Acta Neurol Scand. 2004 May;109(5):342-7
Pulkkinen K, Luomala M, Kuusisto H, Lehtimaki T, Saarela M, Jalonen TO, Elovaara I.
Research Unit of Tampere University Hospital, Tampere, Finland.
Chemokines and their receptors participate in the development of multiple sclerosis (MS) by guiding immune cells into the brain tissue.
A CCR5 Delta32 deletion mutation abolishes functional CCR5 on the cell surface and may reduce cell entry into the lesion sites.
To analyse the significance of this mutation in MS, we compared the frequencies of CCR5 genotype in peripheral blood mononuclear cells from 89 MS patients and 119 healthy controls.
The CCR5 genotype was further compared with the CCR5 RNA and surface protein expression in 48 MS patients and their controls.
In all MS patients, the Delta32/32 genotype was found with 6.7% frequency, whereas it was present only in 0.8% of the controls (6/89 vs 1/119, P = 0.01).
Specifically, the Delta32/Delta32 genotype was increased (11.5%, P = 0.05) among primary progressive MS patients, whereas it was present only in 4.8% in other MS subtypes and only in 0.8% of the controls.
The amount of CCR5 protein on CD4(+) cells analysed in 48 MS patients (nine primary progressive MS, 18 secondary progressive MS, 21 relapsing-remitting MS) and 13 controls decreased with genotype, being 8.9% in wt/wt, 7.7% in wt/Delta32 and 4.3% in Delta32/Delta32.
CCR5 surface expression analysed on these 48 MS patients and 13 controls was significantly decreased in Delta32/Delta32 MS patients as compared with that in wt/wt genotype individuals (P = 0.004).
The significantly increased number of Delta32/Delta32 individuals among our MS patients suggests that this genotype could contribute as a general risk factor for MS.

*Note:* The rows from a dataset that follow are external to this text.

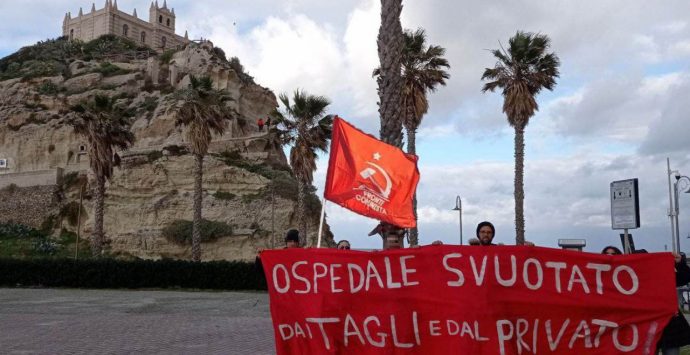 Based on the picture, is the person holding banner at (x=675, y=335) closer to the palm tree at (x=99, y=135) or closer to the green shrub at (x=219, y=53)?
the palm tree at (x=99, y=135)

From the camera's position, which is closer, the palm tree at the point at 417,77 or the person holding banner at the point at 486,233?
the person holding banner at the point at 486,233

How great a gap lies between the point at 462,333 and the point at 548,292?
0.93 m

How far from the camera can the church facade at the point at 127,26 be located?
348ft

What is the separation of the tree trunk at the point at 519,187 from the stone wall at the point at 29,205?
1488 inches

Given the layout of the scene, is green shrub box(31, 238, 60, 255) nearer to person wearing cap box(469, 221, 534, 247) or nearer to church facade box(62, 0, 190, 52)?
person wearing cap box(469, 221, 534, 247)

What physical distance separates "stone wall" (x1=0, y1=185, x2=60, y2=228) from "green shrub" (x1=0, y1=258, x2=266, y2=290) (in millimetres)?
23536

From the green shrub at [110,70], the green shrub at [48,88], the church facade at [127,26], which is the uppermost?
the church facade at [127,26]

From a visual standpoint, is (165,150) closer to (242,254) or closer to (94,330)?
(242,254)

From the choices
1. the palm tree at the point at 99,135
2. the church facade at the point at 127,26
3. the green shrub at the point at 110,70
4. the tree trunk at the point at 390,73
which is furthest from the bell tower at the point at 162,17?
the tree trunk at the point at 390,73

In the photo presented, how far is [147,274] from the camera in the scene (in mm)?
29141

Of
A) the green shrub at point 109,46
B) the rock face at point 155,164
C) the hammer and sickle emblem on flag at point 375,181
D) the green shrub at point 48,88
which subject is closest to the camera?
the hammer and sickle emblem on flag at point 375,181

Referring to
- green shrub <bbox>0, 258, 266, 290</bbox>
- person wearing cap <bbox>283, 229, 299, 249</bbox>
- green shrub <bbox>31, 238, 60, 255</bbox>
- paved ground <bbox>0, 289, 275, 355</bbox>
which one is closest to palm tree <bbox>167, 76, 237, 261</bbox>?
green shrub <bbox>0, 258, 266, 290</bbox>

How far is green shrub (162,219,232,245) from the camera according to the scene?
44062 mm

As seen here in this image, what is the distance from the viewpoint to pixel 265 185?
4769 cm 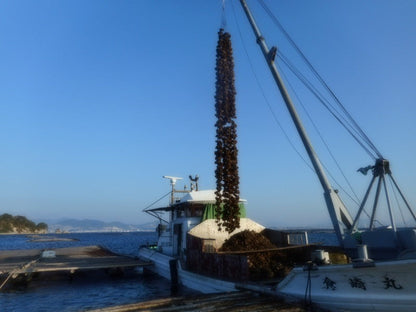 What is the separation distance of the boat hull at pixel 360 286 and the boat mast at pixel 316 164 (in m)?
4.09

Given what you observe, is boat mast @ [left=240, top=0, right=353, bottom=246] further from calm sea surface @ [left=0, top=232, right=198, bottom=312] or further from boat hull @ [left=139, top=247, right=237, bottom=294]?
calm sea surface @ [left=0, top=232, right=198, bottom=312]

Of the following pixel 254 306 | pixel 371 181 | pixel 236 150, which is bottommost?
pixel 254 306

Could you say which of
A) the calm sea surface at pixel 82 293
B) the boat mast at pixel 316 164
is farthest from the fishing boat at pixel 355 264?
the calm sea surface at pixel 82 293

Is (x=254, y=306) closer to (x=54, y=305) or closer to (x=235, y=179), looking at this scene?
(x=235, y=179)

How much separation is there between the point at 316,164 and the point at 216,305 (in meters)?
8.71

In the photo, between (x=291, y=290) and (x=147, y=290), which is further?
(x=147, y=290)

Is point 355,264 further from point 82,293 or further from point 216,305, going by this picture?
point 82,293

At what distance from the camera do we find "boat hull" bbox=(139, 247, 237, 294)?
49.6 feet

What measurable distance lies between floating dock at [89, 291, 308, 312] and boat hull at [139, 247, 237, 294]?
8.57 ft

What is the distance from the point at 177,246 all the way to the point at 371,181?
17.3 m

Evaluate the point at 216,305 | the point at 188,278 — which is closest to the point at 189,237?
the point at 188,278

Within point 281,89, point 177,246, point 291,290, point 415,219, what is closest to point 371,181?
point 415,219

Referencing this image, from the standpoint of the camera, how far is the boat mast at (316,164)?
48.4ft

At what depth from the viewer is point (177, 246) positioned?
25750mm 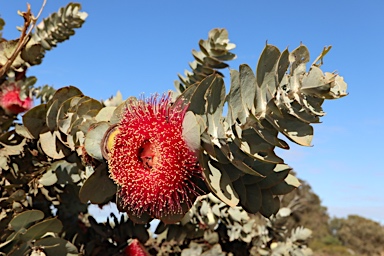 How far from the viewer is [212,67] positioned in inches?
87.4

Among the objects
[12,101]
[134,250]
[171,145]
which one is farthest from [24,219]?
[12,101]

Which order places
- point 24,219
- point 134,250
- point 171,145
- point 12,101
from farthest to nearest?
1. point 12,101
2. point 134,250
3. point 24,219
4. point 171,145

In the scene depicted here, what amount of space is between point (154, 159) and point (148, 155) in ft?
0.07

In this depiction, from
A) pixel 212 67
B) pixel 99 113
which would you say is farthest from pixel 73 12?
pixel 99 113

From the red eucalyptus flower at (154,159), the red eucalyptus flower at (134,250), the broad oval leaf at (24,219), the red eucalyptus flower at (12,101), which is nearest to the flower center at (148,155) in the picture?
the red eucalyptus flower at (154,159)

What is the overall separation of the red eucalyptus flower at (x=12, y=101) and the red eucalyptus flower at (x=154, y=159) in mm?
1202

However, neither the levels of RNA or surface protein correlated with MS subtype, neurological disability as expressed by expanded disability status scale, or disease progression index.
Our results suggest that the lack of CCR5 does not protect from MS, but rather it may predispose to the chronic course of the disease.
This would further imply that in view of the redundancy in the chemokine system, CCR5 ligands must be assumed to function through other closely related chemokine receptors.